If you don’t know much about heating and cooling, it’s important to know the difference between reputable heating and ventilating contractors and disreputable ones. Most contractors are reputable, but there are also those that would cheat you. Below are six tactics that bad contractors commonly employ to get over on their customers.
1. Soliciting Customers Door-to-Door
A heating and cooling company with a good reputation doesn’t need to solicit customers door-to-door. Contractors who use this scheme are usually employ it in early autumn before it gets cold and in mid spring before it gets hot. If you tell them your equipment is by American Standard heating, they’ll conveniently specialize in American Standard heating, and if you let them inspect your equipment, they’ll always find a problem, even if they have to create it.

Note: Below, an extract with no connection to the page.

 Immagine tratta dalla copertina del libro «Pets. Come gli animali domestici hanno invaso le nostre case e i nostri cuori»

2. Soliciting Customers Through Cold Calling
A contractor that has a good reputation is too busy taking service calls to make cold calls. Unscrupulous contractors use this tactic for the same reason they door-to-door solicit: to get a look at your furnace or AC unit and prose a repair or replacement whether you need it or not.

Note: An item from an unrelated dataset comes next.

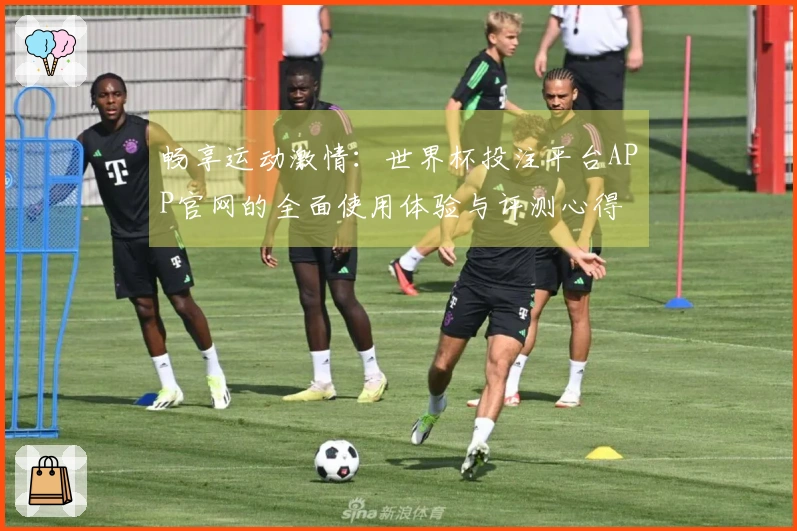 畅享运动激情：世界杯投注平台APP官网的全面使用体验与评测心得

3. Using Materials from Previous Jobs for Air Conditioning and Furnace Repair
When a contractor uses materials from a previous job, you may not get short changed on parts quality, but you will pay for parts that were never ordered. To keep a contractor honest, tell them upfront that you’ll need a receipt from the supplier for all materials and parts used in your project. If they balk, it’s best to find a contractor that will provide you with receipts.

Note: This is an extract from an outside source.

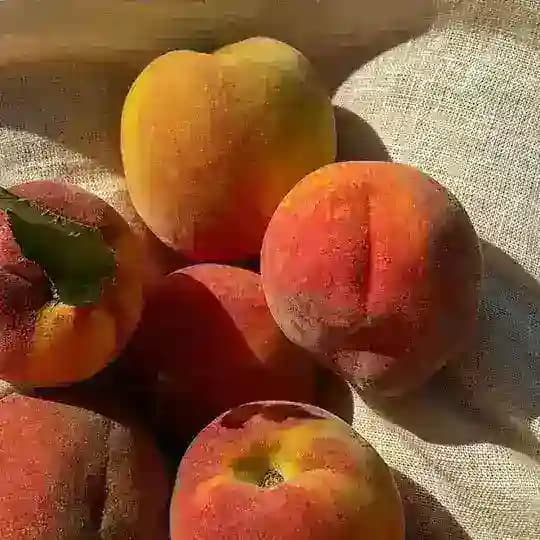 Hot girl summer🇺🇦🔥 Profile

4. Demanding up Front Payments or Strictly Cash Payments
When new homeowners have their first heating and cooling project, rarely are they familiar with how heating and cooling contractors handle payment. Most well established companies ask for payment upon project completion, with the possible exception of money for materials. If a contractor asks you for payment upfront, it could be because it isn’t well established and doesn’t have a large budget. But it could also be because it plans on skipping town with your loot. Best to go with contractor that accepts payment after the job is done.
5. Having Customers Pull Permits
A contractor that asks you to pull the permits for your project is one of two things: extremely time constrained or extremely lazy. Asking a customer to pull a permit is similar to asking them to buy project materials; to respectable contractors, such things would be anathema. Ultimately, a contractor that asks you to pull a permit doesn’t care about the impression they make, and that’s not the kind of entity you want handling something as important as your heating and cooling.
6. Steering Customers Toward a Particular Lender
If you need to secure a loan for a furnace repair or replacement, make sure that you choose the loan on your own terms. After all, you’ll be the one paying on it. Steering customers toward a particular lender doesn’t automatically signal chicanery, but it’s always unprofessional.